Sensex and Nifty Bounce Back Despite Early Plunge on Tariff New
- wealnare
- Aug 7, 2025
- 1 min read
Indian equity markets staged a compelling turnaround today after a sharp opening slide triggered by U.S. tariff announcements. The Sensex fell by over 500 points at market open, wiping out approximately ₹1.61 lakh crore in investor wealth. But as derivatives expiry approached, the indices rebounded, closing modestly in green. Nifty50 ended near 24,600 and Sensex around 80,620—demonstrating robust late‑session buying. The recovery was propelled by late inflows into Nifty derivatives and broker assessments that downplayed the tariff shock, emphasizing that listed companies possess limited exposure to the affected export categories.

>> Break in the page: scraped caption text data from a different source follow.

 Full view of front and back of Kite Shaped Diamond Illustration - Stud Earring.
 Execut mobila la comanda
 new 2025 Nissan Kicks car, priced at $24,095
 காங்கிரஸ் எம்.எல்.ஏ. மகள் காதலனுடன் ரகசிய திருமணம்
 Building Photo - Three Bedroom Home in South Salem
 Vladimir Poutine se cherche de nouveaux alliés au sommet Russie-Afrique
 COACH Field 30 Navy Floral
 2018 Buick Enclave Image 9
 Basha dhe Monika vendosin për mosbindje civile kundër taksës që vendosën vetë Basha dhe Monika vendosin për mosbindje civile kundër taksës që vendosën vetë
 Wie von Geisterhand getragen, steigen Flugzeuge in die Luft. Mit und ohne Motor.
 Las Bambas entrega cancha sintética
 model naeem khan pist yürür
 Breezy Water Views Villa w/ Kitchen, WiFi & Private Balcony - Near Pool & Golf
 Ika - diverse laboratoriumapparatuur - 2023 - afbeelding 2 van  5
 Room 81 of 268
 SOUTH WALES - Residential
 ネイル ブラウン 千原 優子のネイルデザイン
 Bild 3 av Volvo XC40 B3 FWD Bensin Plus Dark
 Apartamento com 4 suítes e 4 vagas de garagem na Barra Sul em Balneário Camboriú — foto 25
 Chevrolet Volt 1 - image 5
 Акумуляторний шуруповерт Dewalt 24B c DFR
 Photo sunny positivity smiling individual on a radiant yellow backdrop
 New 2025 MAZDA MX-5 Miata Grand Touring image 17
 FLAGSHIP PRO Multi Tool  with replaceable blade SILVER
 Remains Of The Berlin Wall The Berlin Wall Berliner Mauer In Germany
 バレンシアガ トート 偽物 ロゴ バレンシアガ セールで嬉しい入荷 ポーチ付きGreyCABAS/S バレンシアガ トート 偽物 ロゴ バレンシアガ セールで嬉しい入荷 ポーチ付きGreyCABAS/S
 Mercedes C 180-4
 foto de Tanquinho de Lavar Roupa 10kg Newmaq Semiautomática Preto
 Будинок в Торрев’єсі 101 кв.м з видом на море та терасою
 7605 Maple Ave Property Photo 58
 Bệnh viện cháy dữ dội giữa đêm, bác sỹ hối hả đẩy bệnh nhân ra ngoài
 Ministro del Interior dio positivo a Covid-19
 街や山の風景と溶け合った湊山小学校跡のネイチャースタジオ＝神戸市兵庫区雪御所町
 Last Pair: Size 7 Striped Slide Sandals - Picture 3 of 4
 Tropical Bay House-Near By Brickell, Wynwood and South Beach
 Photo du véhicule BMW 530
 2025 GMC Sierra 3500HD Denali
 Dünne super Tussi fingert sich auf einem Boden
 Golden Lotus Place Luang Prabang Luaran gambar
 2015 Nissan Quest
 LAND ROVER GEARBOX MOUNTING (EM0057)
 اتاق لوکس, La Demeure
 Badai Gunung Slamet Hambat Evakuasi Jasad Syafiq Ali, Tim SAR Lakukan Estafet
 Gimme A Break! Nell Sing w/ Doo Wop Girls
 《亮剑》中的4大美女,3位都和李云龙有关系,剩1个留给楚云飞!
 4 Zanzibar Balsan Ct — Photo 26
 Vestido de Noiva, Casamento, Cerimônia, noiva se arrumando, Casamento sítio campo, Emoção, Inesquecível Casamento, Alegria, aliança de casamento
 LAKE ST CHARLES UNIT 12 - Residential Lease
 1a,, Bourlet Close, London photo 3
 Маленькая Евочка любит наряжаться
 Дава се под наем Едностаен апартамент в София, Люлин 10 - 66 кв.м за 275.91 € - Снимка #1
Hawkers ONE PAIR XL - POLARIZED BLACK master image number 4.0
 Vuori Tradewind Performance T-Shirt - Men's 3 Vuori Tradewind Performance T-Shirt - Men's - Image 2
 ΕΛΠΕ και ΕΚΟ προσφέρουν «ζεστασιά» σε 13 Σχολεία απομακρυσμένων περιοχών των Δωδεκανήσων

Sector rotation played out visibly: IT and pharma names led gains, reversing early losses, while real‑world export names such as Adani Ports and HUL remained under selling pressure. Mid‑ and small‑cap indices also nudged higher, affirming breadth. Market commentary highlighted the expiry dynamics as a stabilizing force, and experts forecast that between now and August 27, diplomatic interventions could soften tariff impact. With global sentiment fragile, India’s internal market confidence coupled with RBI support helped firms maintain valuations, underscoring the buffer provided by domestic demand and monetary policy stability.